From: schillin@spock.usc.edu   
      
   alexterrell@yahoo.com writes:   
      
      
   >Henry Spencer wrote:   
   >> In article <41c459bd$0$9342$ed2619ec@ptn-nntp-reader02.plus.net>,   
   >> Ian Stirling wrote:   
   >> >Argon is almost as cheap as nitrogen, at least in the quantities   
   >> >needed.   
   >>   
   >> Agreed. There's no point in going to anything lighter, *especially*   
   >> diatomic gases like nitrogen, which can mess things up badly by   
   >> splitting into loose atoms.   
      
   >How much of a problem is this. I was thinking long term it would be   
   >nice to use a propellant readily available in space, and the most   
   >readily available one is oxygen.   
      
   Two problems. Well, three - for electrostatic thrusters, such as ion   
   drives and Hall effect plasma thrusters, you want high molecular weight   
   propellants, and even diatomic oxygen at 32 isn't terribly impressive.   
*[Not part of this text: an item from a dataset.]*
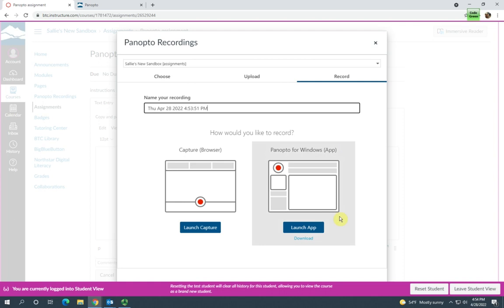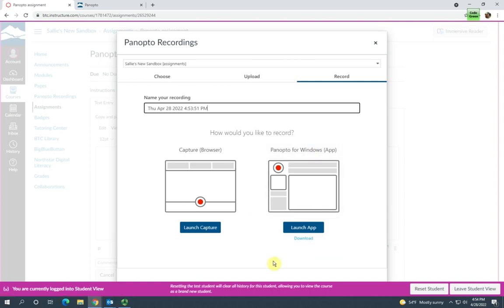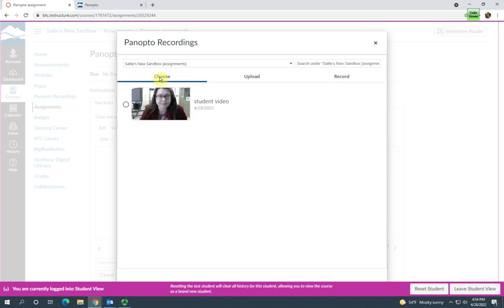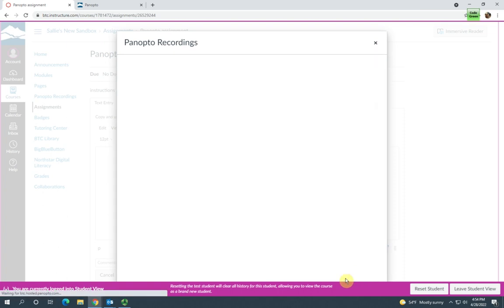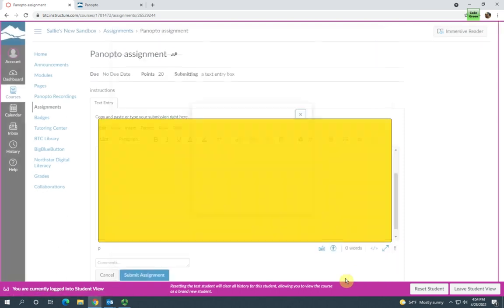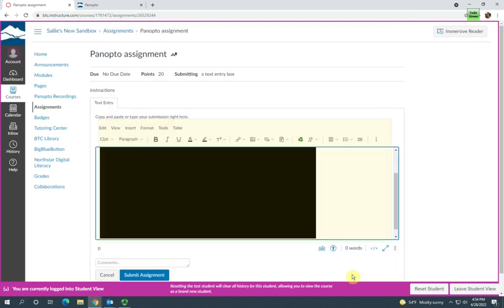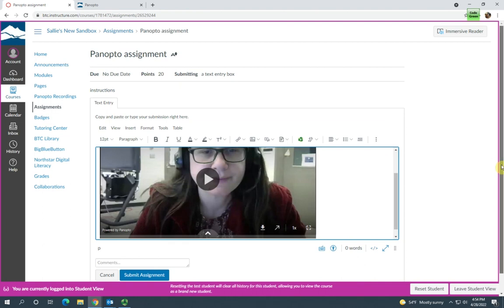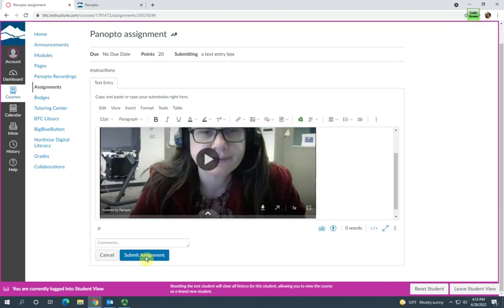If they want to use Panopto for Windows, they will need to download it on their computer. They do not need to download the Panopto capture as that is web-based. I'm going to choose this one that's already been created. Then they'll click insert and it embeds the video right there in the assignment. Then all I need to do is click submit.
   Going from xenon to oxygen is going to cost you ~25% in efficiency right   
   there.   
      
   The molecular breakdown effect, only costs you ~5% in efficiency for   
   straight diatomic molecules. OTOH, if you used something like C60 and   
   saw 50% fragmentation during ionization, that would be a ~50% efficiency   
   hit. Complex molecules are right out, but diatomic could work.   
      
   Third problem, and potentially crippling for oxygen, is that when an   
   oxygen molecule does fragment, you get oxygen atoms - and atomic oxygen   
   is one of the most corrosive substances imagineable. This is particularly   
   problematic for ion thrusters, which have relatively fragile grids right   
   in the propellant flow. Hall thrusters would be less susceptible to such   
   damage, but it would still be a major engineering issue.   
      
      
   >Should we looking at Vasimr for this?   
      
   Ion and Hall thrusters, for all their engineering issues, have the almost   
   overwhelming advantage of actually existing.   
      
   In the event that someone actually managed to make a real Vasimr, it also   
   would have major engineering issues, but we don't presently know what they   
   are. On the propellant front, Vasimr is a thermal rocket, and so wants a   
   very low molecular weight propellant. Hydrogen, helium, lithium, all of   
   which have their own storage and handling problems, *maybe* something like   
   ammonia at an unknown cost in performance.